Take the Arc Challenge

February 2008

Arc's been out for a few days now. Everyone seems to have an opinion about it. The low end are much the same as the low end of opinions about anything online. There's no high end yet, because no one has had enough time yet to be able to speak from experience about what it's like to program in Arc. Those are the responses I'm really interested in. But in the meantime, we have the medium-level responses: the opinions of people who have some understanding of the issues involved, but who are writing based on first impressions.

I've noticed a strange pattern in these. The main fault they find with Arc is that I don't seem to have had to work hard enough writing it. Ron Garret writes:
And that is my main gripe about Arc: it has been so long in the making and set such lofty goals and then it seems to pretty much punt on all the hard problems of language design.
I don't usually refute criticisms directly. Refutations tend to be more gratifying to write than to read. But in this case I'm going to, because in this case Ron & Co are mistaken in an illuminating way. Explaining why will clarify some important issues about language design.

Ron's right. I didn't decide what problems to work on based on how hard they were. Instead I used what might seem a rather mundane test: I worked on things that would make programs shorter.

Why would I do that? Because making programs short is what high level languages are for. It may not be 100% accurate to say the power of a programming language is in inverse proportion to the length of programs written in it, but it's damned close. Imagine how preposterous it would sound if someone said "The program is 10 lines of code in your language and 50 in my language, but my language is more powerful." You'd be thinking: what does he mean by power, then?

I'm not claiming that power is the only criterion by which to judge programming languages. It would also be a legitimate goal, for example, to design a language to be easy for kids to learn, or to compile efficiently (though this is less common than it used to be), or to limit the damage that can be done by individual bad programmers within a group. But power is the test of languages not designed for such special purposes.

So working on what makes programs short rather than what's hard to implement translates to:
I chose what to work on based on the value to the user, rather than the cost to me.
Surely this is the right order of priorities to have in designing not just programming languages, but anything meant to be used by other people.

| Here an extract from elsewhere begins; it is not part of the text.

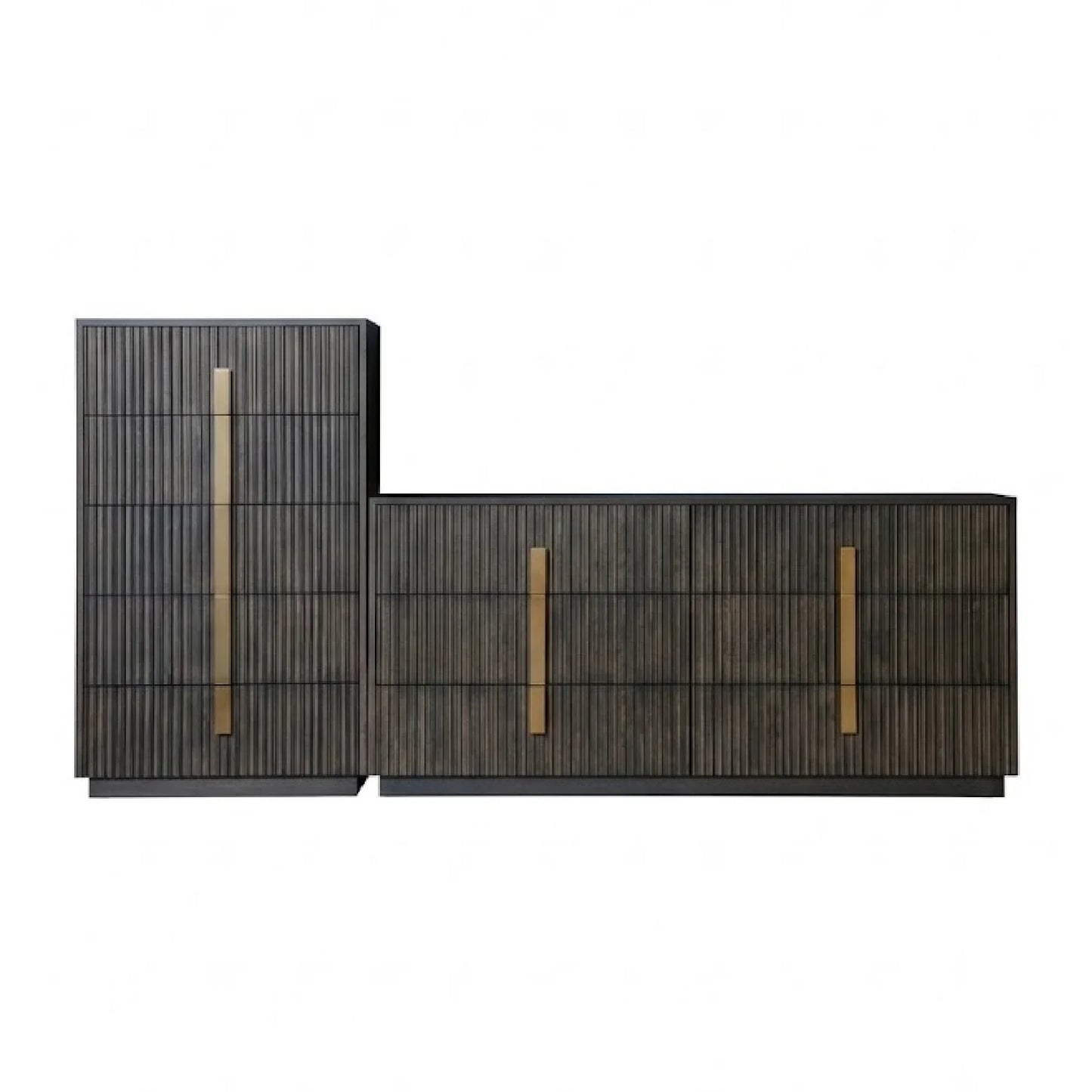 Luxury Modern Distressed Black Six Drawer Dresser European Style for Villa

This is not to say none of the stuff I did was hard. Some of it seemed hard to me. But in language design, solving problems, whether hard or easy, is not the goal. Making a good language is. The real test of Arc—and any other general-purpose high level language—is not whether it contains feature x or solves problem y, but how long programs are in it.

The programs that get shorter should be the ones users actually need to write. So my m.o. while working on Arc was to write applications in it, then comb through them line by line trying to imagine language features that would make them shorter. Then I'd implement those features, rewrite the program to use them, and start over. Here's a comment from the source of Hacker News where I occasionally kept track:
; results of (codetree "news.arc"):
; 8787, 8760, 8738, 8726, 8823, 8755, 8703, 8628, 8587, 8565
; 8633, 8573, 8552, 8520, 8510, 8498, 8549, 8515, 8684, 9025
; 9573, 12196, 12469, 12648, 12373
(The numbers go up sometimes because I'd added features to News.)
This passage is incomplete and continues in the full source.